Over makes the process finding fonts and creatively editing text extremely simple and intuitive. Once you know the basics, almost anything is possible. This short video will show you where to find everything, and how to put them to use when designing.
The Art of Typography
For most of its existence, typography has been a highly specialized field for professional designers with a thing for microscopic detail. But with the advent of personal computers and word processors, the average person has been presented with a universe of typographic possibilities for the first time. And these options just keep expanding as the field of typography keeps growing. Today, most devices come pre-programmed with hundreds of font styles.
It’s an ever-evolving art form, and inasmuch as there are some unshakable rules we’ll look at in this chapter, typography – like all forms of art – is subject to the tide of trends. This year, for example, we’ve been seeing a surge in the popularity of Delicate Serifs, Supersized Type, and Didones.
The point to take from this, is that – whether we realize it or not – we’re all incredibly finely tuned to the subtleties of typography. In fact, we’re subconsciously snobbish in this regard, to the extent that a poorly chosen font (Papyrus or Comic Sans anybody?) might rightfully raise a red flag, and strongly affect our decision to engage with your brand at all.

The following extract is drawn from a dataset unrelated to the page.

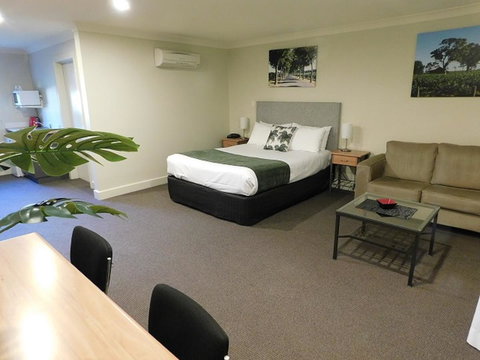 Alexander Cameron Suites - Mackay Tourism 8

Let’s start with some basics, and fine tune as we go along.
It’s important to get some terminology straight at the outset, because typography design has its own secret language to describe structure and spacing. Once you start looking closer at the nuances, you’ll be able to express your choices better (“I like Sanchez Bold, but think it needs some tracking, and an option with heavier serifs.”)

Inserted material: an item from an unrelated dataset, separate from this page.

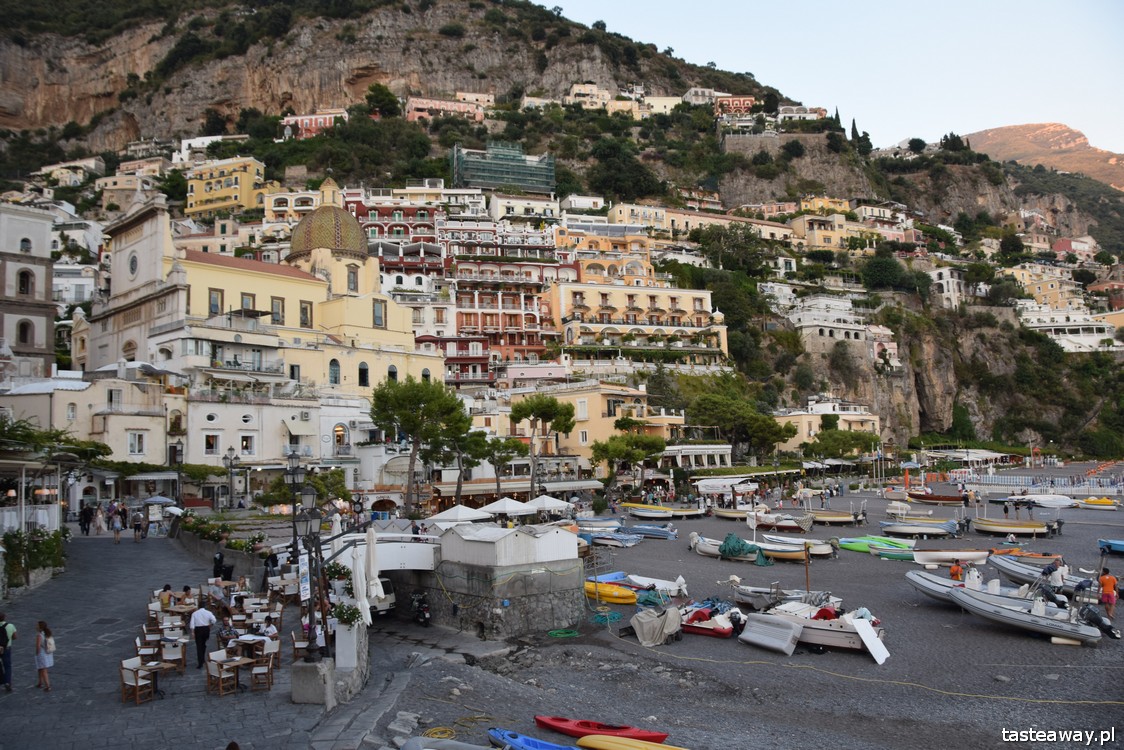 Positano, Włochy, gdzie na romantyczny wyjazd, wyjazd we dwoje, podróż poślubna, zaręczyny, najpiękniejsze miejsca we Włoszech, Wybrzeże Amalfi, Villa Celentano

First off, the difference between a Font and a Typeface is famously confusing. You can use them interchangeably for the most part (we’ll do exactly that in this chapter), but to be absolutely correct and gain some cred with the type geek crowd:
A typeface is a family of fonts (Baskerville, for example).
A font refers to any variation of this typeface (Baskerville Regular, Baskerville Bold, Baskerville Italic, and so on).
This is important to know, because while some typefaces in Over have only one default appearance, many of them will have variations in weight and style – i.e multiple fonts within a given typeface.
Anatomy of a Font
Typographers clearly personify their creations, judging by how many terms for the bits and pieces that make up letters, numbers, and symbols are borrowed from the human body. You might never think of an ear, shoulder, leg, arm, or spine in quite the same way after today. The alternate definitions of beaks, bowls, tails, and spurs might also surprise you!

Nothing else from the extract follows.